I have attended a lot of courses at the Mosimann Academy in London. that's where the class was run by various other chefs, like Novelli, Hill and others. But they aren't a one-to-one. The chef normally demonstrates a number of dishes and then the class copies. None of them are HUGE classes - probably only 20 people, max.


----------



## simonlfcgreen (Jan 18, 2010)

I have sent an enquiry to Tom Kitchin's course


----------



## ishbel (Jan 5, 2007)

He's my current favourite in the UK. Good, wholesome SEASONAL Scottish ingredients.

Another of my favourites is Malcom Duck - he has two restaurants, one in central Edinburgh and one in Gullane (or nearby).


----------



## simonlfcgreen (Jan 18, 2010)

Dou you know if the restaurant of Kitchin's has acomodation for students Because that 5 day course looks a **** of a bargain.


----------



## ishbel (Jan 5, 2007)

I wouldn't have a clue!
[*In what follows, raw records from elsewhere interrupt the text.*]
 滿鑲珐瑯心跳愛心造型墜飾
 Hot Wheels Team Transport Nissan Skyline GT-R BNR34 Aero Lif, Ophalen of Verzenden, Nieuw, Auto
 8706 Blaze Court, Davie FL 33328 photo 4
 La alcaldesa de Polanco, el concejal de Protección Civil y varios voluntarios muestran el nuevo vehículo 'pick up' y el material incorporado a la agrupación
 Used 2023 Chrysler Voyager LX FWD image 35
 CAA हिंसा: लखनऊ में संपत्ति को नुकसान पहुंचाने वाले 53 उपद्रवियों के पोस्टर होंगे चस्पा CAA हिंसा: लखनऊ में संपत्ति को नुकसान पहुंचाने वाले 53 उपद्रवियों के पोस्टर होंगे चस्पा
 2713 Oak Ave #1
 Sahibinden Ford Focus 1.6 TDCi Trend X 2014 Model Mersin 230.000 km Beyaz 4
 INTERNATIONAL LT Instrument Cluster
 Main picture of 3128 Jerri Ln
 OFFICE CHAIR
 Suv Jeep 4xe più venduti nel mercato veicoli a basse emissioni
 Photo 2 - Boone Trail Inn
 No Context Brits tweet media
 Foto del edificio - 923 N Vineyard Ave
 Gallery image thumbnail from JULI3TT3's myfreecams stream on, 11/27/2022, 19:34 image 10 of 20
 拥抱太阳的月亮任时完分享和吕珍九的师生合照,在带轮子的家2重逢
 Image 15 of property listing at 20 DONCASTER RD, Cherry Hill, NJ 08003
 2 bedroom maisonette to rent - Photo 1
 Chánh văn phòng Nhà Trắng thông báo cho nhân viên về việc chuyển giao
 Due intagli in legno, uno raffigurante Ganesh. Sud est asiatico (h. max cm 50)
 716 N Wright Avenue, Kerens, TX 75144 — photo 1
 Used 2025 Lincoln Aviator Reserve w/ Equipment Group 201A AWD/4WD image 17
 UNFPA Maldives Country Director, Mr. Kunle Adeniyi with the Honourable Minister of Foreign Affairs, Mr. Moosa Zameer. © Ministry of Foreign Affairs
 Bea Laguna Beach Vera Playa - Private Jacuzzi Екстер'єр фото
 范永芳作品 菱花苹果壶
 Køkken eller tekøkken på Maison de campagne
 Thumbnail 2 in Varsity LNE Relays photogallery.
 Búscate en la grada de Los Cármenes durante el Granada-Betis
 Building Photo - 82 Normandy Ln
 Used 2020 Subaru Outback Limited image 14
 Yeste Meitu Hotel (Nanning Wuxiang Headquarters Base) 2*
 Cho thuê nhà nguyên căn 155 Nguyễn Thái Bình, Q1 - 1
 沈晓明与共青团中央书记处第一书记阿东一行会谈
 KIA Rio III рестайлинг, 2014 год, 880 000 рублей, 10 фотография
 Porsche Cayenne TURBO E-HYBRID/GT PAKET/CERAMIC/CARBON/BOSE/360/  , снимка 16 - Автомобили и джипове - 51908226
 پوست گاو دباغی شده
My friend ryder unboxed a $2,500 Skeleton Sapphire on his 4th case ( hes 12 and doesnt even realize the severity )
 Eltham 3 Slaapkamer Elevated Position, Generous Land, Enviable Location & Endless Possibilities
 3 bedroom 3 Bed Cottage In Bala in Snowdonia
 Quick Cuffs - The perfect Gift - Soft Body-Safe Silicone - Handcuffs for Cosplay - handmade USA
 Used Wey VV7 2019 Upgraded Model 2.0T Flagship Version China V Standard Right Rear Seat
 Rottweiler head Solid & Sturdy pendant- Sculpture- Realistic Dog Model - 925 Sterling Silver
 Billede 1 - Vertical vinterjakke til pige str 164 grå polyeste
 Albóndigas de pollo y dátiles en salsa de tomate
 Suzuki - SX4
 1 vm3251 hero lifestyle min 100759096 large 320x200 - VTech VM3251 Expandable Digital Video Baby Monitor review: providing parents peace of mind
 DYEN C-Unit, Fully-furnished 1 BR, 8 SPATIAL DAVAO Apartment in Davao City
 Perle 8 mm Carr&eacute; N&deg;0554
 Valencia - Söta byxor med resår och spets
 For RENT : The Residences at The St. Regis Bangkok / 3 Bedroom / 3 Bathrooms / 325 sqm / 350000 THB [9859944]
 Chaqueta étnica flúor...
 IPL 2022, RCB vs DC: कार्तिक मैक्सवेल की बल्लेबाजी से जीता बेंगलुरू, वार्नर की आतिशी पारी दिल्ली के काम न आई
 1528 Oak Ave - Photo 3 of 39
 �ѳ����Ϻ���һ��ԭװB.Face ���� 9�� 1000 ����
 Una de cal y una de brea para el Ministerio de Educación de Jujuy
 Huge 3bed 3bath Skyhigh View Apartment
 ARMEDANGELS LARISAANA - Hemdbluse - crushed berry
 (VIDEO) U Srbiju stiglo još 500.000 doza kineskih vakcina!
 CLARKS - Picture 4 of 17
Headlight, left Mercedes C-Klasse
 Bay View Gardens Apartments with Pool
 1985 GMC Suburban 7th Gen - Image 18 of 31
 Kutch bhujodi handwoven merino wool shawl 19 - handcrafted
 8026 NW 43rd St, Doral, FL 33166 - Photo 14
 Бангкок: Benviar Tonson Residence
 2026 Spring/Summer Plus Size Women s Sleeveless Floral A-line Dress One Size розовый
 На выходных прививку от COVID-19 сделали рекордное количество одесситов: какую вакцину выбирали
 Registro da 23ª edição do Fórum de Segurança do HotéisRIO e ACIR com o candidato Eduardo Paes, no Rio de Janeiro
I suspect not, but there are lots of fairly cheap B&Bs in Leith (the area where his restaurant is situated).


----------



## simonlfcgreen (Jan 18, 2010)

Sound i had a quick look and found some very cheap places.


----------



## ishbel (Jan 5, 2007)

Be very cautious!
Leith was our main port and was also fairly dodgy until about 10 years or so ago - it is undergoing massive regeneration - lots of trendy restaurants and great new apartment blocks - but you might feel better booking a B&B in an area like, for instance, Mayfield Gardens (a bus-ride away from Leith) - just do a google with B&B, Mayfield Gardens...


----------



## simonlfcgreen (Jan 18, 2010)

Thank you very much it will be quite abit away till i go any ways i gotta get saving.


----------